Seymour Lawrence was born on 11 February 1926 in New York City, to Jack and Sophie L. Lawrence. He attended Harvard University, where he was the editor of the literary magazine Wake, and graduated in 1948. He worked briefly as a representative for the Van Nostrand Company before joining the Atlantic Monthly Press in 1950. By 1952, he had reached the rank of associate editor. In 1964, he joined Alfred A. Knopf Inc. as editorial vice president.

In 1965, he launched his own imprint, Seymour Lawrence, Inc. The imprint operated as a division of Dell Publishing for seventeen years, until Dell declined to re-new their co-publishing agreement. Lawrence's imprint moved to E. P. Dutton from 1982 to 1988, and in 1988 became a division of Houghton Mifflin.

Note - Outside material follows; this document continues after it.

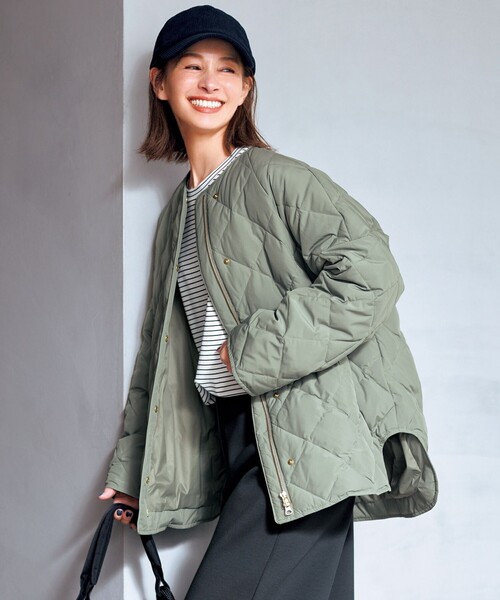 自宅で洗濯OK / 軽量で暖かい】TAIONコラボ キルティングブルゾン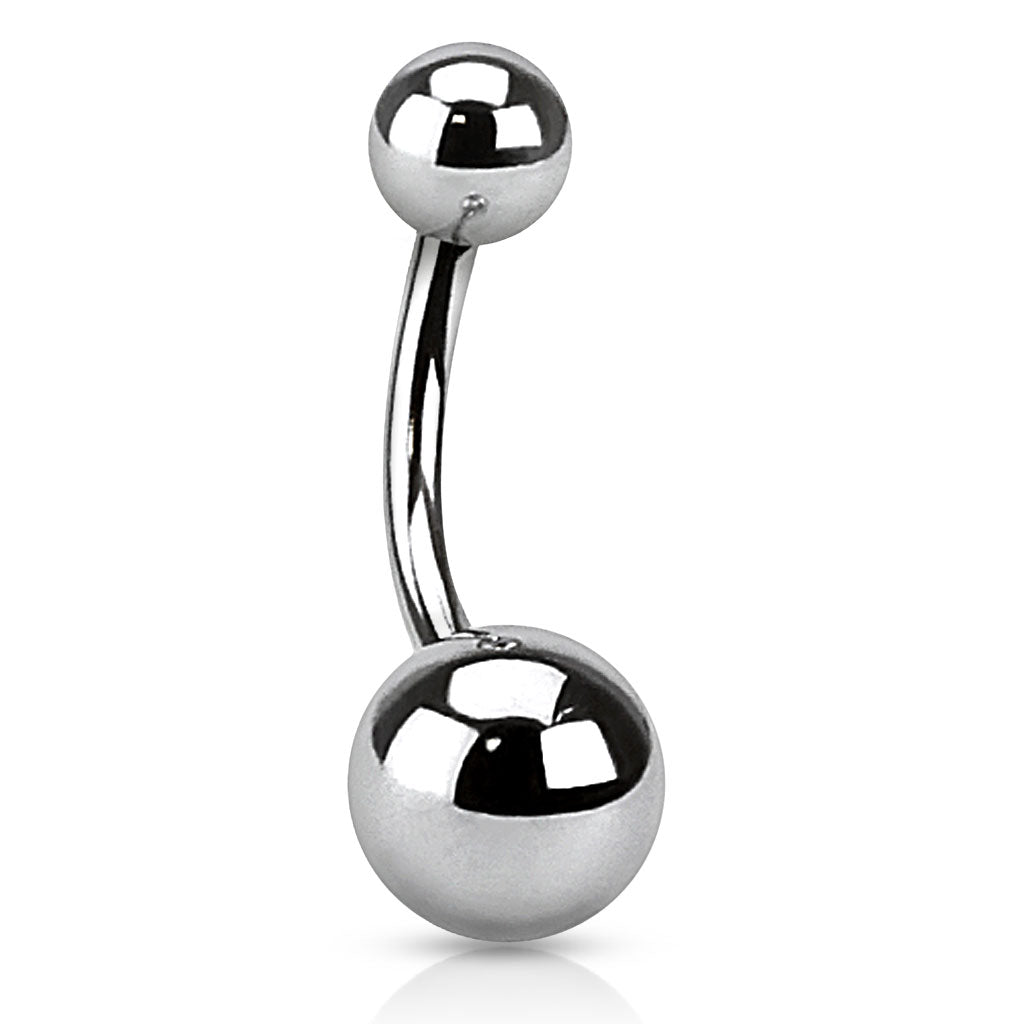 PLAIN BASIC SURGICAL STEEL BELLY BAR - 14 GAUGE - 6MM 8MM 10MM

As a publisher, he was known for his work with a number of distinguished authors, including four Nobel Prize winners: Miguel Ángel Asturias, Camilo José Cela, Pablo Neruda, and George Seferis. He is credited with discovering a number of notable American authors, including Katherine Anne Porter, Kurt Vonnegut, Richard Brautigan, Richard Ford, and Joseph Heller; he published Ship of Fools, Trout Fishing in America, and Slaughterhouse-Five, among others. He was "passionately committed to writers and writing"; Vonnegut described him as "a very good scout of talent".

==Personal life==
Lawrence lived in Connecticut for most of his life. He was married to Merloyd Ludington, with whom he had a son and a daughter, from 1952 to their divorce in 1985.
In the year before the divorce, she created her own imprint, Merloyd Lawrence Books.

In his later years, he lived with writer Joan Williams.

His friendship with Barry Hannah, one of the authors he discovered, led him to purchase a home in Oxford, Mississippi. After his death, his collection of American art was donated to the University of Mississippi Museum.

Lawrence died on 24 January 1994 in Englewood, Florida of complications from a heart attack.